The Alara has all the hallmarks of a well-engineered planar response with a balanced low to midrange performance up to 1k then an expected minor dip and rise from 1-3k. The Alara has two focused peaks at both 4k and 8k with a fairly stable lower presence.
In a way, it reminds me a little of that ‘exciting’ Advanced Alpha upper mids rise but with the Alara it is much less strident with a slightly wetter timbre. Some of that wetness and warmth comes from what seems to be a slight mid-bass elevation around the 100Hz that retains a gentle lift into the lower-mids.
The Alara tuning thus strikes a nicely balanced tuning with that pure planar bass response and a hint of low-end warmth combined with a forward and clear vocal presence as well as an exciting sounding treble signature. You get plenty of crunch and clarity in its timbre but its not harsh and certainly not lacking in a solid bass fundamental.
This is not a wholly neutral tuning, there is enough focus in key areas to position the Alara closer to the musical and punchy side of the spectrum.
It is perhaps a wise move by Brainwavz to keep the timbre relatively clean and natural sounding because the soundstage is more on the intimate side of things. You get decent depth, the clarity to 20hZ is actually very good even if the physicality drops a little in comparison to the 100Hz rise.
However, it is a little on the close side with width also being a little restricted though not in a congested or veiled manner. Rather the pronounced upper mids brings a lot of percussion timbre and higher pitched vocal harmonics front and center.
That forward and strong presence pulls the soundstages forward to back rather than out and wide. Combine that with the clean timbre and good instrumental separation you will hear plenty of detail and some nice and quick imaging within that soundstage.
Height is actually quite ok on the Alara. It reminds me a little of the Ether 2 treble tuning with a decent level of elevation up to 8k to add some sparkle and air but not so spikey to kill the balance. It may not have the extension of the Sundara as it rolls off in performance beyond that but definitely airier than the AEON.
It is not quite the flat linear bass response of the Sundara or the majestic Ether 2. The Alara tuning has a gentle elevation from 50Hz to 150Hz that delivers some warmth into its presentation compared to sub-bass power.
Not that the Alara is rolled-off.

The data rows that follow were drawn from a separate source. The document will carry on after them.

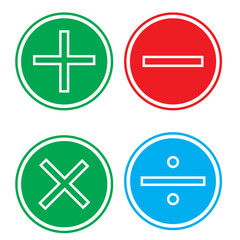 Fototapeta premium Set of Math icons. Colorful variety arithmetic plus, minus, equal, multiply and divide signs isolated on white background. Vector design elements.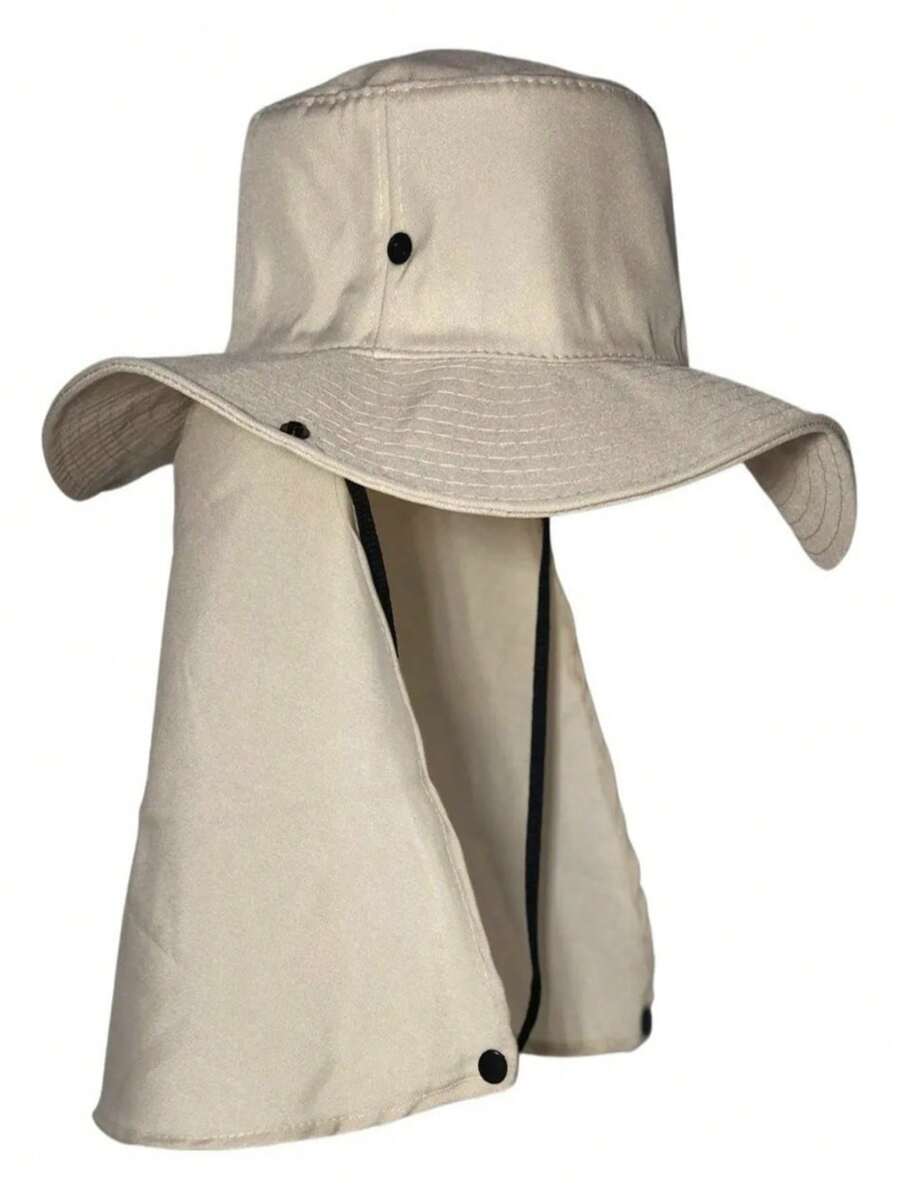 Australian Fisherman Hat Fishing Cap Neck Protection Sun Australian Camping Fisherman Hat Neck Protection - 米色 - 查看 1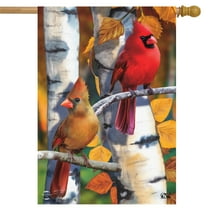 Birch Tree Cardinals Fall House Flag 28" x 40" Autumn Leaves Briarwood Lane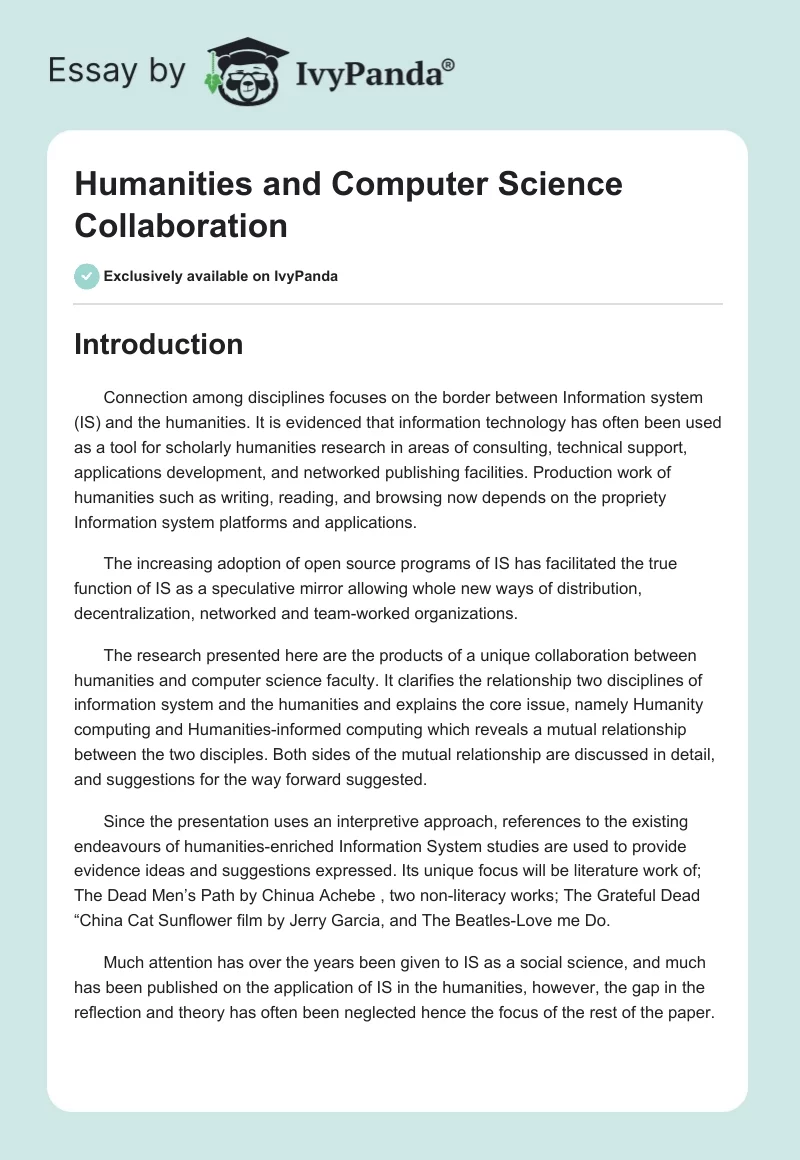 Humanities and Computer Science Collaboration. Page 1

Its sub-bass clarity and definition is quite good. Rather it just lacks a little more quantity compared to its mid-bass presence.
Thus, the Alara low-end is more about ‘pace and punch’ than ‘gut-wrenching’ and deep; you will not find D8000 levels of pure sub-bass power here. However, the PRaT is really nice with a solid enough fundamental for guitar work to sound harmonically planted which is my favorite aspect of the Alara alongside the vocal presence.
There is a small perceptible rise from 500hZ up to 1k rather than dead flat. This nuanced rise brings out that lower-mids instrumental and male vocal presence. Male vocals in particular never seem to struggle for space with the Alara.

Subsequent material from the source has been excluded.